As a result, I know that, in addition to the monthly deductions Jay’s employer takes out of his paycheck, we spent $3,529 in 2012, $1,402 in 2013, and $3,136 in 2014. I can quickly determine how much we spent on each person, and for what. Should we have to make choices on new health care options, or by the time we’re choosing supplemental health care coverage once Jay retires, etc. I will have years of data to help us analyze our choices.
This is different than the Costco rebate. This is the Reward Coupon that comes from using your American Express. We have the True Earnings card.
A couple of years ago it was only $9.02. But that’s because I’d been buying Costco cash cards online to get points. For awhile I could buy them using the Vanilla Visas I was buying at Office Depot with my Ink card, racking up 5x points per dollar. But, alas, that ended and I was back to using my American Express card at Costco.
Anyway, last year my Reward Coupon was for $97.27 and this time it was for $104.81. As I posted before, it’s a no brainer!
Jay was very sweet and surprised me with a FitBit last week. Except it was the more expensive Charge HR version. And, since he doesn’t shop much, he isn’t “outfitted” with coupons and discount gift cards etc.
He bought it at Target for $149.99. With tax, it came to $162.20.
The non-HR version is $129.99 pretty much everywhere. I went to Bed, Bath and Beyond to get it. After using a 20% coupon and paying with a discount gift card, it cost me $102.99 (including tax), saving almost $60.
It can be both my Valentine’s and birthday presents. Now I just have to figure out how to use it!
Every month or so I get an email from King Soopers suggesting I sign up for digital coupons on specific products that I frequently buy. These “My Personal Prices” are usually good for the month. This month, for example, I get bananas for $.39/lb, Barilla Pasta for $.89, and Land O’ Lakes Half and Half (1 qt) for $2.59.
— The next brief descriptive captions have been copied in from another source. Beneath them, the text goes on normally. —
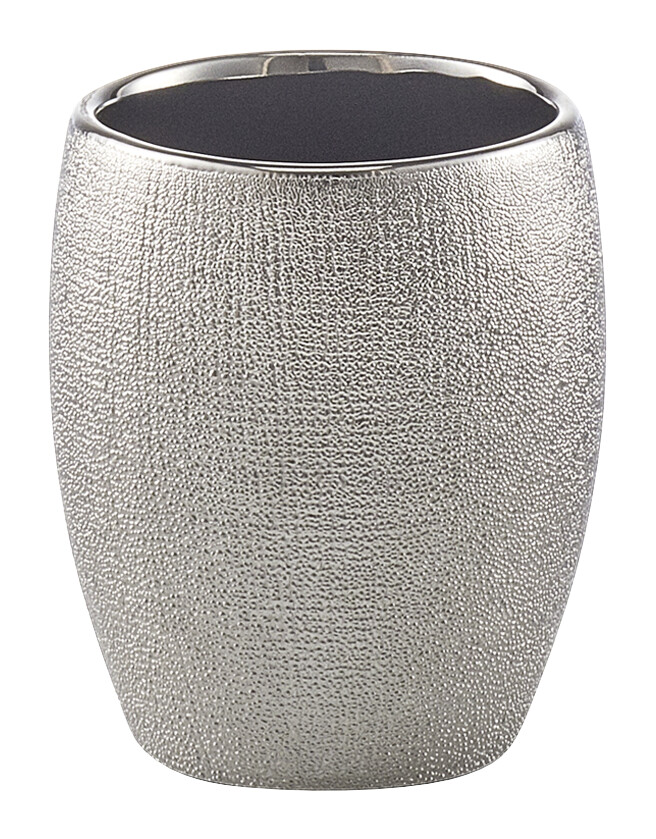Zeller Zahnputzbecher Glitter silber Steinzeug B/H/L: ca. 8x10x8 cm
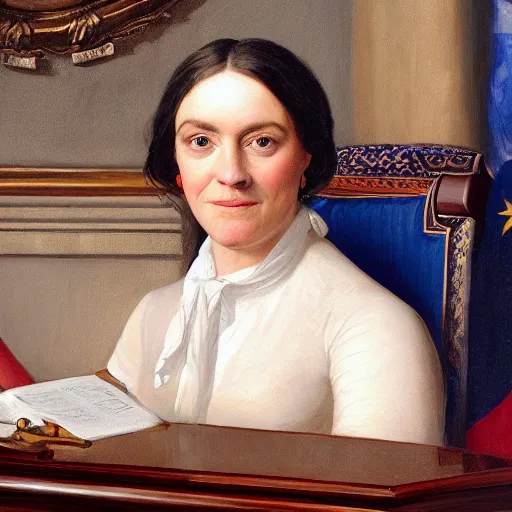 Image similar to official close - up portrait of liz truss in racoon city, alexandria ocasio - cortez, resolute desk, 1 8 4 8, oil on canvas by william sidney mount, trending on artstation, national archives,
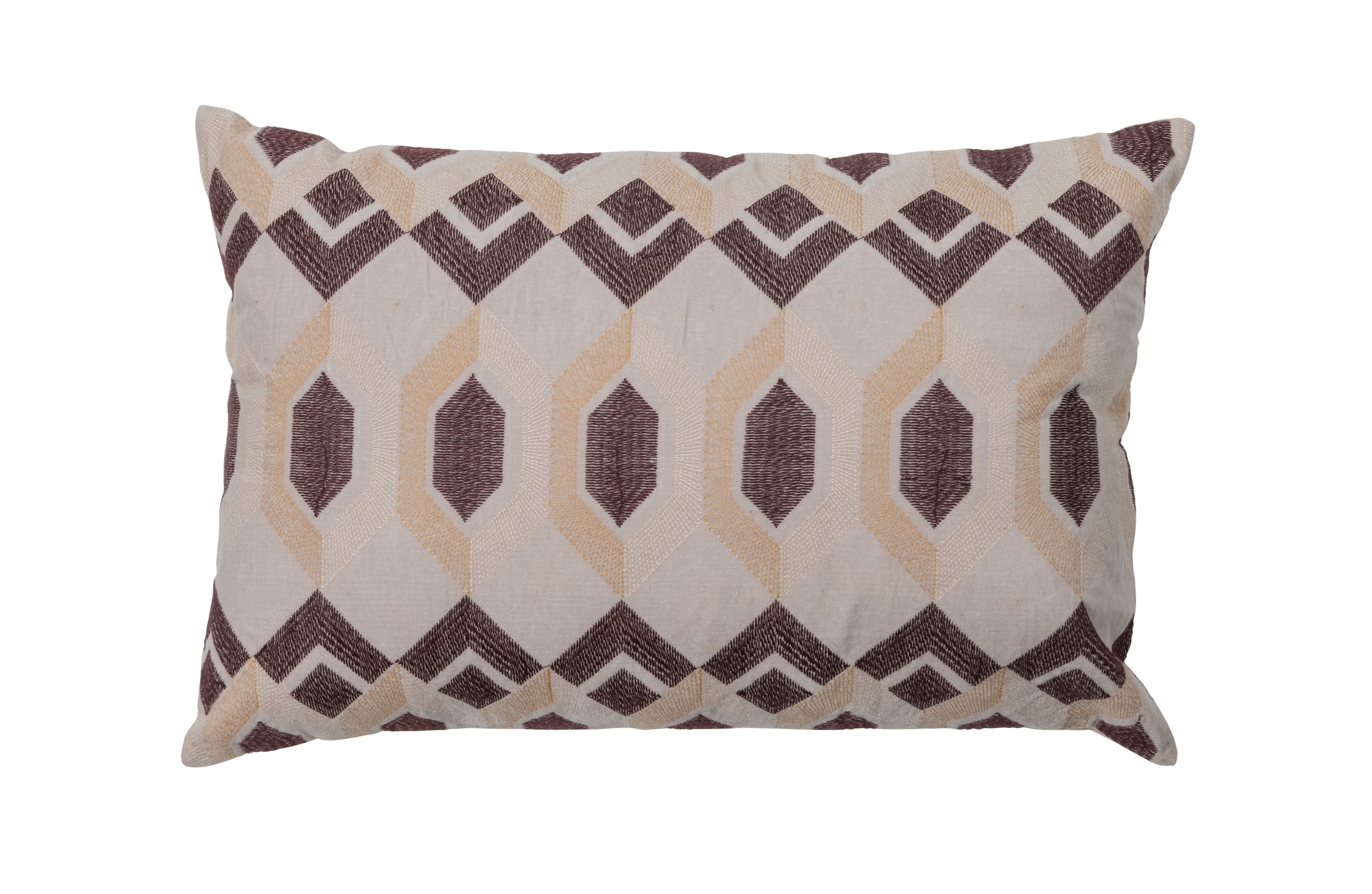 Geometry kussen - Velvet/Borduur wine - 60X40 cm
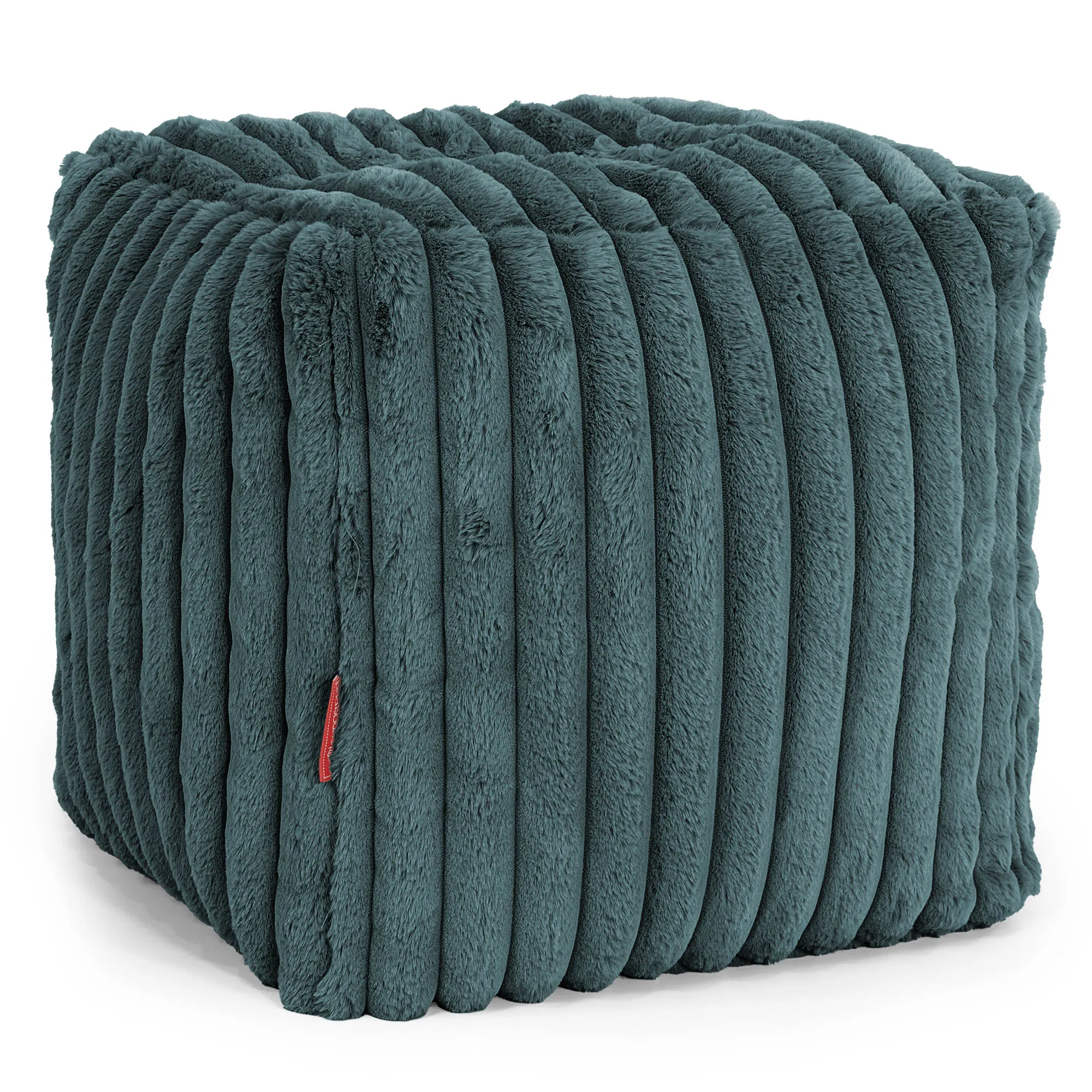 Cube Footstool Pouffe - Ultra Plush Cord Teal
I’ve saved $17.61 since the program began not too long ago.
Yesterday, they were out of the Land O’ Lakes Half and Half. I didn’t want to buy the other brand, which is more expensive than the regular Land O’ Lakes price, let alone the Personal Price. The dairy “guy” told me to tell the clerk that he (Travis) said I could have the other brand for the $2.59 and the clerk was perfectly fine with that.
So, my $17.61 in savings is actually closer to $19, because that particular purchase isn’t reflected.
I’ve posted before about “writing it down” whether it’s a reminder for your To Do list or plans for bigger, less administrative, things you’d like to do. Sometimes I feel a little embarrassed about my obsessive lists and spreadsheets.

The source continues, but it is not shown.